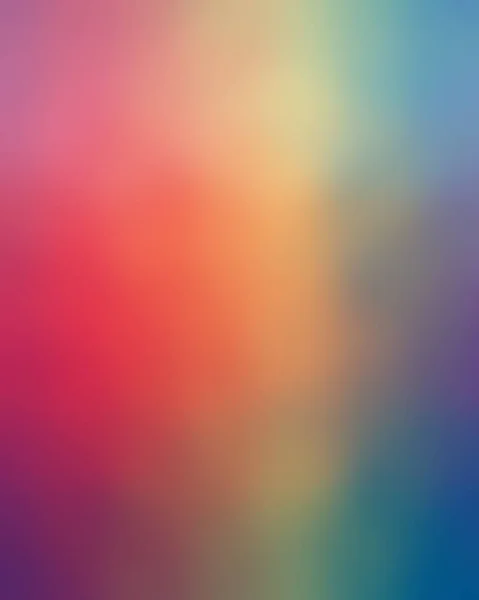 Rozmycie Abstrakcyjne Tło Kolorowe Gradient Defocused Tle Prosty Modny Element — Zdjęcie stockowe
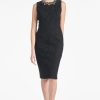 Sachin & Babi Anna Dress-Noir | Sleeveless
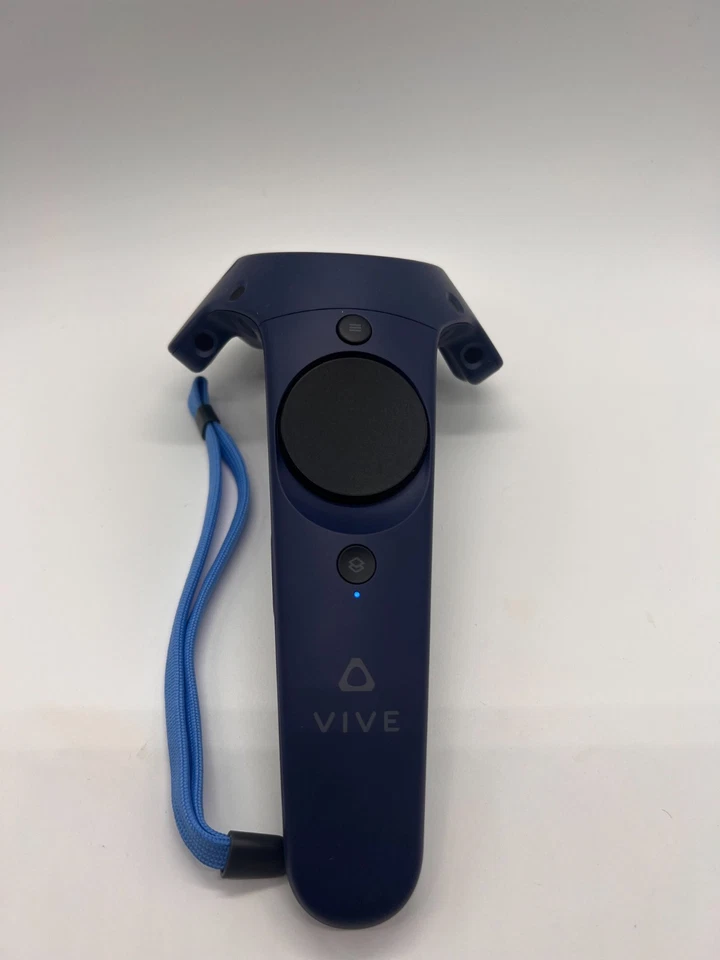 1X HTC VIVE Pro VR  Wireless Controller (2018) Model: 2PR7200 (ex corporate use) - Image 3 of 4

- - - - - - -

- What to do: Output the data above exactly. Drop every picture.

- Answer for this exercise:
 Rozmycie Abstrakcyjne Tło Kolorowe Gradient Defocused Tle Prosty Modny Element — Zdjęcie stockowe
 Sachin & Babi Anna Dress-Noir | Sleeveless
 1X HTC VIVE Pro VR  Wireless Controller (2018) Model: 2PR7200 (ex corporate use) - Image 3 of 4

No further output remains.